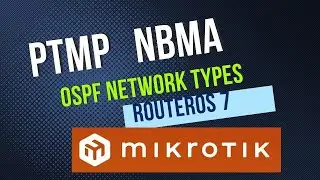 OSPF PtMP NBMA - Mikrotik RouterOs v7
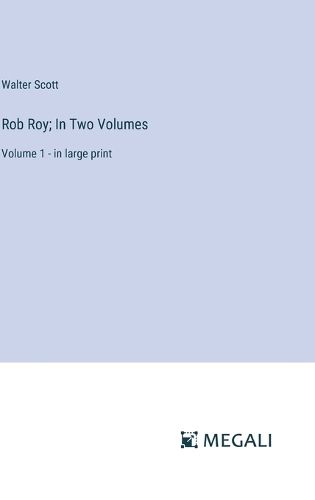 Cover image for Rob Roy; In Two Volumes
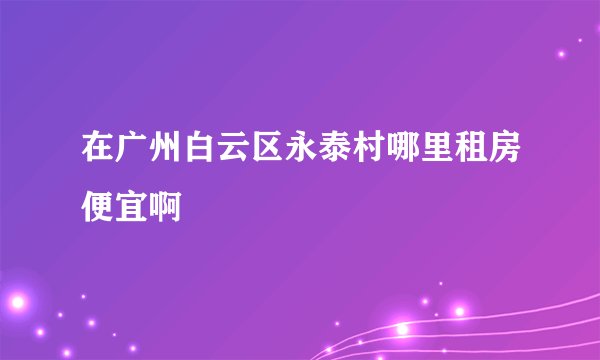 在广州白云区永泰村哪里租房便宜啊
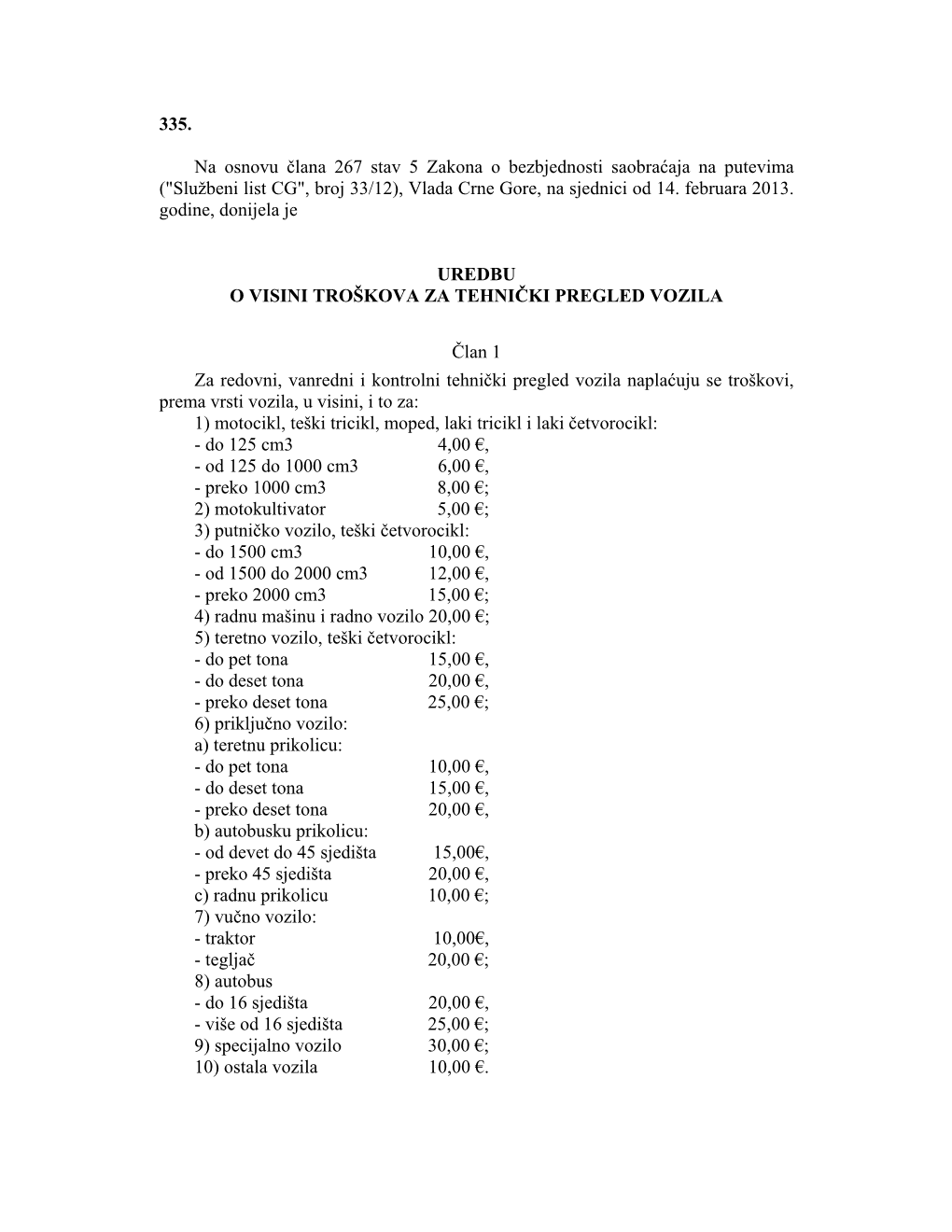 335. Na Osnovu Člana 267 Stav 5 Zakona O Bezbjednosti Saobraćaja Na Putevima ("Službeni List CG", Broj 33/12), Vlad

▶ [Problem description]: Give back the whole listing exactly as written. Do not include any picture.

▶ [Task output]:
 OSPF PtMP NBMA - Mikrotik RouterOs v7
 Cover image for Rob Roy; In Two Volumes
 在广州白云区永泰村哪里租房便宜啊
 335. Na Osnovu Člana 267 Stav 5 Zakona O Bezbjednosti Saobraćaja Na Putevima ("Službeni List CG", Broj 33/12), Vlad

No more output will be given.